# EXERCISE PROMPT:
Exact repetition, please: start with the line where "Natural White Slide" appears and stop after the final line of the records.

# DATA RECORDS:
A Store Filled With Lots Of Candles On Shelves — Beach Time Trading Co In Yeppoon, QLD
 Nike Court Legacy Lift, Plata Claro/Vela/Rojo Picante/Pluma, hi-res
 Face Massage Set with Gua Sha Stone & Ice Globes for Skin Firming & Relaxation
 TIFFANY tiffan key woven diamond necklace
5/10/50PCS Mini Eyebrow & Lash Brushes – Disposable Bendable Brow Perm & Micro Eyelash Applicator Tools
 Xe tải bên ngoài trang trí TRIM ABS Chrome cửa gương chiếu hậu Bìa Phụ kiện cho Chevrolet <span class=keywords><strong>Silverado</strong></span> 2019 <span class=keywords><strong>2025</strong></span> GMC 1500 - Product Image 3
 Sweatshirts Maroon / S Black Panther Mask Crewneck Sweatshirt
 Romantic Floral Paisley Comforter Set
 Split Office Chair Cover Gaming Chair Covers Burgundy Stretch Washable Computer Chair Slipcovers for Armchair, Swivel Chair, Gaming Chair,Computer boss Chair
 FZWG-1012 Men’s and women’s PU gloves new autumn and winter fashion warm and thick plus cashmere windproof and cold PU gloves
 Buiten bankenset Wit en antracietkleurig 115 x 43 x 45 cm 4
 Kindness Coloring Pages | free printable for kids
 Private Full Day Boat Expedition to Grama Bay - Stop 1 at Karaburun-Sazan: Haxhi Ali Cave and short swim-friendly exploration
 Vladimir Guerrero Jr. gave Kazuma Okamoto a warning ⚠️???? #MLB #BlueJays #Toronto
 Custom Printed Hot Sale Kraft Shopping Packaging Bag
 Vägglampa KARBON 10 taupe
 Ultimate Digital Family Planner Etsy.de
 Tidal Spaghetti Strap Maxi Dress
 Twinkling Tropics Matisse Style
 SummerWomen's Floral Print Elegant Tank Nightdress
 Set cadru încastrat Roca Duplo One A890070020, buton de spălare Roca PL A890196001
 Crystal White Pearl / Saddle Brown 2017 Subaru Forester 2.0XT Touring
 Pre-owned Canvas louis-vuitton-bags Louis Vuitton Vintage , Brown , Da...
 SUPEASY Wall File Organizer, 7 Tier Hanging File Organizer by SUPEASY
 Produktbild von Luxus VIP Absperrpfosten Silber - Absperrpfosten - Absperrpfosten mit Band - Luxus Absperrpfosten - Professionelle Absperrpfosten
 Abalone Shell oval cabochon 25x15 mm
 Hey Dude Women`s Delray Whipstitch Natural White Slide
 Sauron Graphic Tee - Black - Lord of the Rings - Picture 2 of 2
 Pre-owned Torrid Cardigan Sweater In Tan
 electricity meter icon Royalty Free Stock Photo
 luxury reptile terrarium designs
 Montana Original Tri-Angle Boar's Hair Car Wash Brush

# ANSWER TO THIS TASK:
 Hey Dude Women`s Delray Whipstitch Natural White Slide
 Sauron Graphic Tee - Black - Lord of the Rings - Picture 2 of 2
 Pre-owned Torrid Cardigan Sweater In Tan
 electricity meter icon Royalty Free Stock Photo
 luxury reptile terrarium designs
 Montana Original Tri-Angle Boar's Hair Car Wash Brush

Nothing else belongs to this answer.